A parking operator was running multi-level structures blind — no live view of which bays were free, which reservations showed up, or which cars sat where they shouldn’t. Axlume turned the existing CCTV into a computer-vision system that sees every bay in real time, then built the driver app and operator consoles on top of it.
Our client operates multi-level parking structures and needed them to stop being operational black boxes. Staff couldn’t see live occupancy, drivers circled floors hunting for a space, and enforcement meant a person walking the levels hours after the fact. Axlume was brought in to make the structure legible — to operators in real time, and to drivers before they ever drive in.
The work spanned a computer-vision pipeline running on the building’s existing cameras, a two-tier operator console, and a customer-facing driver app — one system where what the cameras see drives everything the apps do.
Occupancy lived in people’s heads. There was no live, per-bay view of the lot — only a rough count, updated by whoever last walked through. Managers couldn’t tell a free bay from a wrongly-parked car from an unbooked one.
Drivers felt the same blindness from the other side: circling levels for a space, never sure a “reserved” bay would be free on arrival. And enforcement was manual — slow, inconsistent, and impossible to scale across multiple floors and sites.
Every question that mattered — where’s the space, did the booking show up, is that car allowed to be there — required a human to go and look.
The obvious route to “smart parking” is hardware in every bay. We did the opposite — we built a vision layer on the CCTV the structure already runs, so the intelligence is software, not a construction project.
We mapped the real operational gaps — what staff couldn’t see, what drivers couldn’t trust, and where manual enforcement broke down — against the camera coverage, the floor layout, and the booking flow.
We modelled the lot the way the cameras would: floors, zones, blocks and individual bays, accessible spaces included. That model became the single source of truth every surface reads from.

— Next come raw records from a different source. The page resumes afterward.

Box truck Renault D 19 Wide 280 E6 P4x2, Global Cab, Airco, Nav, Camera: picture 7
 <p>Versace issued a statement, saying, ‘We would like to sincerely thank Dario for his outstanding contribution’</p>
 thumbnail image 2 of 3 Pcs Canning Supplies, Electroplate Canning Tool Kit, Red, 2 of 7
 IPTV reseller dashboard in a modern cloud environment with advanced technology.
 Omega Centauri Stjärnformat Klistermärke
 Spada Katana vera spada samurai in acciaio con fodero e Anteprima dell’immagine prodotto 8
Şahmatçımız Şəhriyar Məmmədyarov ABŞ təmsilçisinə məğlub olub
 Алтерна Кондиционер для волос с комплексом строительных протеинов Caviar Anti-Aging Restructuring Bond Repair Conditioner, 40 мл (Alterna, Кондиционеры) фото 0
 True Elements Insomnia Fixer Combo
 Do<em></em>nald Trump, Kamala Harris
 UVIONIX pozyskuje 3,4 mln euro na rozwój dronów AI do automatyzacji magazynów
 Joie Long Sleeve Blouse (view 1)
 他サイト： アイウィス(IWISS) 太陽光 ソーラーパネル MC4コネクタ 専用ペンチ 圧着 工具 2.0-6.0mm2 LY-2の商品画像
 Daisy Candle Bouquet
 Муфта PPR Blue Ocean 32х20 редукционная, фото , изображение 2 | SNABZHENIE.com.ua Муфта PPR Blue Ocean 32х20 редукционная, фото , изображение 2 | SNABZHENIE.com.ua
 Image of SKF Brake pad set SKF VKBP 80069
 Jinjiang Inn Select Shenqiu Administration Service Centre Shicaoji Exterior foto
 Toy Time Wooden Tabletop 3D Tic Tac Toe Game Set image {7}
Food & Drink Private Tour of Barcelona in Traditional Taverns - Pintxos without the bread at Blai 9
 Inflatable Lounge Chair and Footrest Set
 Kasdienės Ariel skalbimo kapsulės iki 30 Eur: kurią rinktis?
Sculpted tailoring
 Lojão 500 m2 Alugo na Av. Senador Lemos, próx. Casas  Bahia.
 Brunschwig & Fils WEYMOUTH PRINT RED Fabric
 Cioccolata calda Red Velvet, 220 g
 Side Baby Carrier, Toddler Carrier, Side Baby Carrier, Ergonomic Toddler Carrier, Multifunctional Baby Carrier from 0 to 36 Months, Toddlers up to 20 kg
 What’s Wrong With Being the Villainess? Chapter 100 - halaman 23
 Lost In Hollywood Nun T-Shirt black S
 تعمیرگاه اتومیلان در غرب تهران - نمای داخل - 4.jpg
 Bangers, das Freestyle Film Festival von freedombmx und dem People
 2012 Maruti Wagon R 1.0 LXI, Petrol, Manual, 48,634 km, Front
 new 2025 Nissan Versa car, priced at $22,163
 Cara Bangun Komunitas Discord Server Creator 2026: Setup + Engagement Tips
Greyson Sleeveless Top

Object detection locates and classifies each vehicle per frame; OCR reads the plate to tie a car to its booking; an occupancy layer reconciles what the cameras see against what the system expects — so free, wrong, and unbooked are all distinguishable, automatically.
A FastAPI service layer sits between the vision pipeline and the apps; MongoDB holds the lot model, live sessions, and the event stream off the cameras. Detection is decoupled from booking, so the driver app stays fast while the heavier CV work runs against the feeds.
Delivered as a working platform — iOS driver app, web operator console, and a super-admin layer — region-agnostic from day one, with configurable currency and localized payment rails.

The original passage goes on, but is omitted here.